- **WHAT IS NEEDED**: Isolate every line in the data with the string "Black" and copy it.

- **RECORDS SUPPLIED**:
···
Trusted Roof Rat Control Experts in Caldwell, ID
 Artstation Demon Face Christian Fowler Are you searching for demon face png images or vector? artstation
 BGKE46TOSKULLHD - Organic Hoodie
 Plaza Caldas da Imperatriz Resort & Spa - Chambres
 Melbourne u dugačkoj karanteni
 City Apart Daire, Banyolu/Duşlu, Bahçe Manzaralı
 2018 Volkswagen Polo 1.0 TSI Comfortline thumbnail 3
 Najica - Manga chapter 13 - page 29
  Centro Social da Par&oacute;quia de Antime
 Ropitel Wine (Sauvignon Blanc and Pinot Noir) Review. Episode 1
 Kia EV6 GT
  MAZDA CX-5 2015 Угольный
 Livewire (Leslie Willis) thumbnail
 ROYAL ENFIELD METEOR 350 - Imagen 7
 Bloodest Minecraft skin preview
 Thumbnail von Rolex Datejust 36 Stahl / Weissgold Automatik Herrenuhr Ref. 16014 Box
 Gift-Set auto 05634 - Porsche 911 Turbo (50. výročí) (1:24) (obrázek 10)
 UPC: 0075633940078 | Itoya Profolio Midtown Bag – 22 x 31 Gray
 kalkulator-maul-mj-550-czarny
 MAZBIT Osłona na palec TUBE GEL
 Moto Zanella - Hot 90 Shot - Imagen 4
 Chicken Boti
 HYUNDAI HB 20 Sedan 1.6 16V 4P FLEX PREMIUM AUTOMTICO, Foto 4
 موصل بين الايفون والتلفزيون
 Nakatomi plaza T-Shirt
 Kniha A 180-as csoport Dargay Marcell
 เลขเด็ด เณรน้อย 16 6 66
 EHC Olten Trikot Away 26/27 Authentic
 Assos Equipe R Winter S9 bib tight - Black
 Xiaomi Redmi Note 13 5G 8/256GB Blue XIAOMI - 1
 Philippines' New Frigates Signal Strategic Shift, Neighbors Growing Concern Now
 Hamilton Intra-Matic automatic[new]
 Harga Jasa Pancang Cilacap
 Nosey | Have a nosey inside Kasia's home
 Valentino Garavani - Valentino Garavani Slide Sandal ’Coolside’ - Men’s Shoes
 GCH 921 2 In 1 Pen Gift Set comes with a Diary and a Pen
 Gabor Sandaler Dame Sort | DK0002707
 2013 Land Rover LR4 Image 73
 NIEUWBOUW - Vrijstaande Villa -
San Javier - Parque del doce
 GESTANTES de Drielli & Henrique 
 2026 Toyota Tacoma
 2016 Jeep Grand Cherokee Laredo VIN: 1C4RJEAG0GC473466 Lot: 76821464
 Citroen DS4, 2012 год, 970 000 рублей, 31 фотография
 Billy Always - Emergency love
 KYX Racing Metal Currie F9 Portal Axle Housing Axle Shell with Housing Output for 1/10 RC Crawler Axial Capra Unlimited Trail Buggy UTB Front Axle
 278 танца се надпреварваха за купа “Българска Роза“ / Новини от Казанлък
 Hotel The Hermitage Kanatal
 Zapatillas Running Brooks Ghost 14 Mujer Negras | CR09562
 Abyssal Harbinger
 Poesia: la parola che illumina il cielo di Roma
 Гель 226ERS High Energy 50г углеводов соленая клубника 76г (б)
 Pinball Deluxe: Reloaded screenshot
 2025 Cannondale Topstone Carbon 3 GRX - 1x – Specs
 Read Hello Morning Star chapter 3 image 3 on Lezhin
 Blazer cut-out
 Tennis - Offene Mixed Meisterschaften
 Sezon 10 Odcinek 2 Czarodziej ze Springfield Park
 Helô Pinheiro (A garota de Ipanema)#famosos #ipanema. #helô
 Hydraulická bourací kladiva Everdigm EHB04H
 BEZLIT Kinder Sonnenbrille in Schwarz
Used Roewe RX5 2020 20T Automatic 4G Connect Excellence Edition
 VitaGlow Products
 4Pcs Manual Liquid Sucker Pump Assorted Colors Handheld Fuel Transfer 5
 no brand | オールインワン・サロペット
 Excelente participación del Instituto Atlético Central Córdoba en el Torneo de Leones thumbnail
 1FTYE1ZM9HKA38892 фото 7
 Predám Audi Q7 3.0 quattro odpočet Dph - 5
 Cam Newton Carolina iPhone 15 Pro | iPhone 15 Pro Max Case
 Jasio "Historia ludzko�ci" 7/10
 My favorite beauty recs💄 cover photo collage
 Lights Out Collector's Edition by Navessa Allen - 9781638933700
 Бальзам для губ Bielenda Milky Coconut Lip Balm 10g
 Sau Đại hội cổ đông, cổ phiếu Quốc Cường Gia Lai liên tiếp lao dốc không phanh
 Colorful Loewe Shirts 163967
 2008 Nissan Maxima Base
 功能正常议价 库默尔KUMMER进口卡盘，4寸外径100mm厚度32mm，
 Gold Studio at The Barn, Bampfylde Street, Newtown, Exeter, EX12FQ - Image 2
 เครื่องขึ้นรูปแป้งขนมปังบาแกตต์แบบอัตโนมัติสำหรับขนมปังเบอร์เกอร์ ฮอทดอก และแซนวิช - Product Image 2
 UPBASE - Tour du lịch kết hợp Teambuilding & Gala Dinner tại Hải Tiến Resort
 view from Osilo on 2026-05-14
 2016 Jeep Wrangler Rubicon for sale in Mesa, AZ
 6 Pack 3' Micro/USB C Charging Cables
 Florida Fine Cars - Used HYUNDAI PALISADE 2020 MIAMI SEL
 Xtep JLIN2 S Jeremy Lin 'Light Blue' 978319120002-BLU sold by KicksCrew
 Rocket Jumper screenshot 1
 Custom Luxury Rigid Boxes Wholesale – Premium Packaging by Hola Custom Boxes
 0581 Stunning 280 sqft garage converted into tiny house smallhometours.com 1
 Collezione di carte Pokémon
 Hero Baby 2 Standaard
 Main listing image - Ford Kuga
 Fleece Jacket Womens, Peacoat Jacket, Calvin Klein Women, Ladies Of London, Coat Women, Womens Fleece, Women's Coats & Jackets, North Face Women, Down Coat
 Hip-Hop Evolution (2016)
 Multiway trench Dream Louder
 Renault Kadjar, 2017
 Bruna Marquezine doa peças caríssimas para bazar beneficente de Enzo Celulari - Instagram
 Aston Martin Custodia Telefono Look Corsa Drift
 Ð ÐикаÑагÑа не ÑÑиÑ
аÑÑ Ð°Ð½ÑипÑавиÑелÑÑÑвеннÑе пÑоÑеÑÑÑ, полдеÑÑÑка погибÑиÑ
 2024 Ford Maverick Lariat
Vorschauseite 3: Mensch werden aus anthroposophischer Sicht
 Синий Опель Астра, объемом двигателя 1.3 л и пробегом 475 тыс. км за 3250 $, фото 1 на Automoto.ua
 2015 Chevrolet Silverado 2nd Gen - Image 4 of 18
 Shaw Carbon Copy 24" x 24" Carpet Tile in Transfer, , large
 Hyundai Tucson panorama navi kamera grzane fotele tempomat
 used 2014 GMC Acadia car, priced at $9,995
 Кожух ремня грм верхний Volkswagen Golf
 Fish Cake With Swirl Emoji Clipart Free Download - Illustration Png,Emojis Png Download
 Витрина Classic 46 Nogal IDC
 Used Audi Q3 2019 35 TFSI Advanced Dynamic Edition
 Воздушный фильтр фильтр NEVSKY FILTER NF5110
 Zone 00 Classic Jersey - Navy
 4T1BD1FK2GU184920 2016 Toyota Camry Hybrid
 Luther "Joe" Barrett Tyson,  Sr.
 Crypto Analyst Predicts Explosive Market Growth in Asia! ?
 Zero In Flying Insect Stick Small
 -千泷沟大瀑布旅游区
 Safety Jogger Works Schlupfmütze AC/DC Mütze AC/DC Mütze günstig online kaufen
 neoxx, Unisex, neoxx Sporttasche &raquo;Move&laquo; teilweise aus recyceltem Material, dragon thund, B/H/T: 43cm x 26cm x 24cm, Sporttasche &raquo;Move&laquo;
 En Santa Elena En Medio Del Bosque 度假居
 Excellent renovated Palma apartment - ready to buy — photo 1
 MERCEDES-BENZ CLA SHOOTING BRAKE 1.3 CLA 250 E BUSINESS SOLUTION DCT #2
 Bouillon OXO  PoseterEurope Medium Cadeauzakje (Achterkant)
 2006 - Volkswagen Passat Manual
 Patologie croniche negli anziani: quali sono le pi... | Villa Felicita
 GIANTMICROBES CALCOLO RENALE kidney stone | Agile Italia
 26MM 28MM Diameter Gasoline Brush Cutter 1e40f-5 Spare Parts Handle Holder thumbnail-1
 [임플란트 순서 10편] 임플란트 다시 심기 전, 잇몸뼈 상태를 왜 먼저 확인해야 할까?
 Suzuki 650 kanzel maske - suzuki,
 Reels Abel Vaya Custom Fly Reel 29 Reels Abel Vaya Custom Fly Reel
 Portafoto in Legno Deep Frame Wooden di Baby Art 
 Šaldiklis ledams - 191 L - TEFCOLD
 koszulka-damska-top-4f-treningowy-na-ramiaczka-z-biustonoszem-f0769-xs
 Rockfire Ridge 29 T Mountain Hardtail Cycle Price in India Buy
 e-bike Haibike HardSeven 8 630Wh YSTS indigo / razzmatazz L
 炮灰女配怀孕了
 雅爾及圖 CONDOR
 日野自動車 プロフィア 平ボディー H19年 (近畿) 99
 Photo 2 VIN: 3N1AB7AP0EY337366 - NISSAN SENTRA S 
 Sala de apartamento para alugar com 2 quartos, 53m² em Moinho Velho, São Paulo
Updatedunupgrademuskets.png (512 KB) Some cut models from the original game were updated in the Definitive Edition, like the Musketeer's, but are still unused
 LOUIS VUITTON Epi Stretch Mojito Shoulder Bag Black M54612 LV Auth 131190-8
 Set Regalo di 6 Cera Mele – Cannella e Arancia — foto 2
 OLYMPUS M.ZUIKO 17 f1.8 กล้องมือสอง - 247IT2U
···
- **ANSWER BOX**:
 Assos Equipe R Winter S9 bib tight - Black
 LOUIS VUITTON Epi Stretch Mojito Shoulder Bag Black M54612 LV Auth 131190-8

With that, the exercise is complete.